Book Pattern Recognition

    Book Details:
  • Author : Sankar K. Pal
  • Publisher : World Scientific
  • Release : 2001
  • ISBN : 9810246846
  • Pages : 635 pages

Download or read book Pattern Recognition written by Sankar K. Pal and published by World Scientific. This book was released on 2001 with total page 635 pages. Available in PDF, EPUB and Kindle. Book excerpt: This volume, containing contributions by experts from all over the world, is a collection of 21 articles which present review and research material describing the evolution and recent developments of various pattern recognition methodologies, ranging from statistical, syntactic/linguistic, fuzzy-set-theoretic, neural, genetic-algorithmic and rough-set-theoretic to hybrid soft computing, with significant real-life applications. In addition, the book describes efficient soft machine learning algorithms for data mining and knowledge discovery. With a balanced mixture of theory, algorithms and applications, as well as up-to-date information and an extensive bibliography, Pattern Recognition: From Classical to Modern Approaches is a very useful resource.

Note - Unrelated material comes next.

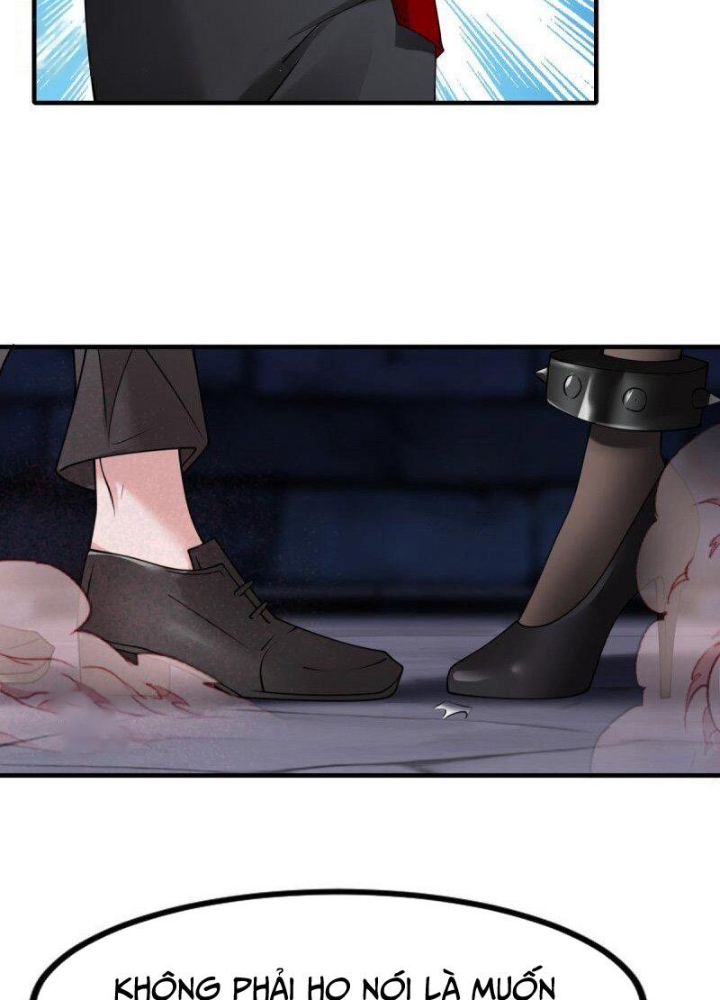 Ta Không Muốn Làm Đệ Nhất Chapter 252 - Trang 3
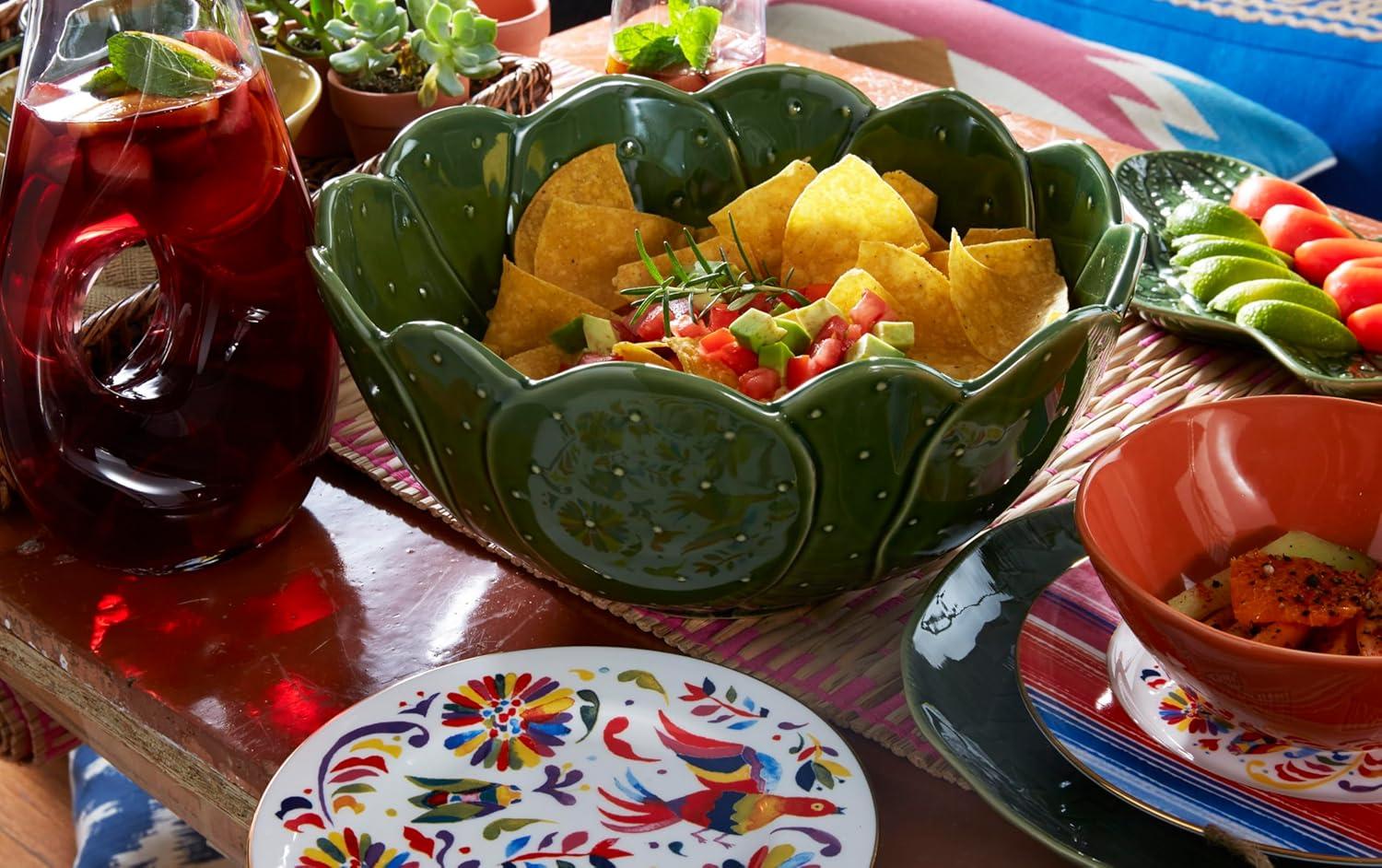 imageLenox Tuscany Classics Party Pitcher 80 ozPierced Pitcher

Book Statistical Learning and Pattern Analysis for Image and Video Processing

Download or read book Statistical Learning and Pattern Analysis for Image and Video Processing written by Nanning Zheng and published by Springer Science & Business Media. This book was released on 2009-07-25 with total page 371 pages. Available in PDF, EPUB and Kindle. Book excerpt: Why are We Writing This Book? Visual data (graphical, image, video, and visualized data) affect every aspect of modern society. The cheap collection, storage, and transmission of vast amounts of visual data have revolutionized the practice of science, technology, and business. Innovations from various disciplines have been developed and applied to the task of designing intelligent machines that can automatically detect and exploit useful regularities (patterns) in visual data. One such approach to machine intelligence is statistical learning and pattern analysis for visual data. Over the past two decades, rapid advances have been made throughout the ?eld of visual pattern analysis. Some fundamental problems, including perceptual gro- ing,imagesegmentation, stereomatching, objectdetectionandrecognition,and- tion analysis and visual tracking, have become hot research topics and test beds in multiple areas of specialization, including mathematics, neuron-biometry, and c- nition. A great diversity of models and algorithms stemming from these disciplines has been proposed. To address the issues of ill-posed problems and uncertainties in visual pattern modeling and computing, researchers have developed rich toolkits based on pattern analysis theory, harmonic analysis and partial differential eq- tions, geometry and group theory, graph matching, and graph grammars. Among these technologies involved in intelligent visual information processing, statistical learning and pattern analysis is undoubtedly the most popular and imp- tant approach, and it is also one of the most rapidly developing ?elds, with many achievements in recent years. Above all, it provides a unifying theoretical fra- work for intelligent visual information processing applications.

Book Essentials of Pattern Recognition

Download or read book Essentials of Pattern Recognition written by Jianxin Wu and published by Cambridge University Press. This book was released on 2020-11-19 with total page 401 pages. Available in PDF, EPUB and Kindle. Book excerpt: An accessible undergraduate introduction to the concepts and methods in pattern recognition, machine learning and deep learning.